• TASK DATA
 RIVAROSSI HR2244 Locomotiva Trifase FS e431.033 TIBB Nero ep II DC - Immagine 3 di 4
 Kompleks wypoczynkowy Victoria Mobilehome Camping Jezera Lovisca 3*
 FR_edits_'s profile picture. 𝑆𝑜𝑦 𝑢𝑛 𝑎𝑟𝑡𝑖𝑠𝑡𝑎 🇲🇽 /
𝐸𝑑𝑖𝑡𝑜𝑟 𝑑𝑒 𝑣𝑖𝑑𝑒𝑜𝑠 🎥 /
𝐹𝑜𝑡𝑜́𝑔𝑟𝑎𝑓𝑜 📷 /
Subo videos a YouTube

--

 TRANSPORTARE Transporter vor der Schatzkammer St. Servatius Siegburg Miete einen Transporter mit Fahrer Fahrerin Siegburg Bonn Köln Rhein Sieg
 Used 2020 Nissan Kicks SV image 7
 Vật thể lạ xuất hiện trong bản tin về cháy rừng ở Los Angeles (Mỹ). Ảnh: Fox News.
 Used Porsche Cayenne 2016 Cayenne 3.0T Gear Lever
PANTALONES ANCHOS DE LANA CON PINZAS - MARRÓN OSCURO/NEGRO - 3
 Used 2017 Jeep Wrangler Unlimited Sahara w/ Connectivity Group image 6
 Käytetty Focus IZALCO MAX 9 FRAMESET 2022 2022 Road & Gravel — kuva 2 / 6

==

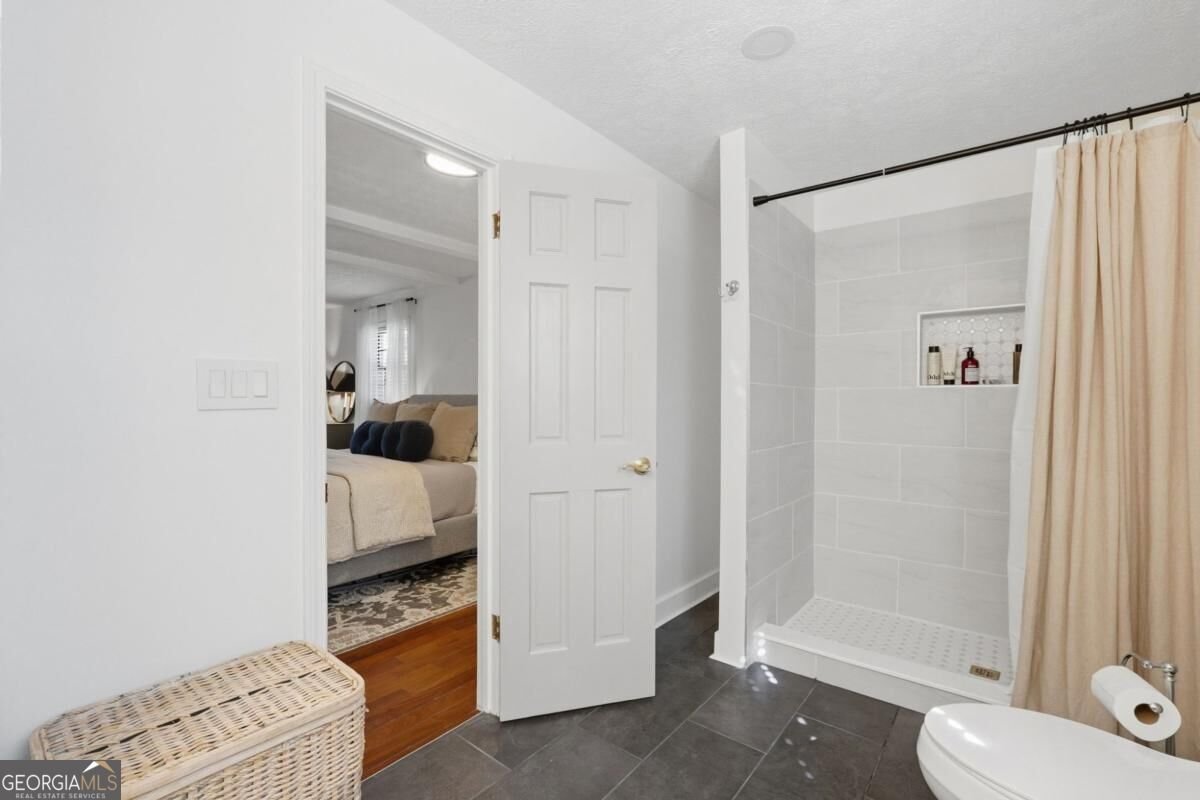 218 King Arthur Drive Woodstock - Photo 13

• PROBLEM STATEMENT
Which lines of the records above hold the word "Used"? Copy each of them.

• ANSWER SPACE
 Used 2020 Nissan Kicks SV image 7
 Used Porsche Cayenne 2016 Cayenne 3.0T Gear Lever
 Used 2017 Jeep Wrangler Unlimited Sahara w/ Connectivity Group image 6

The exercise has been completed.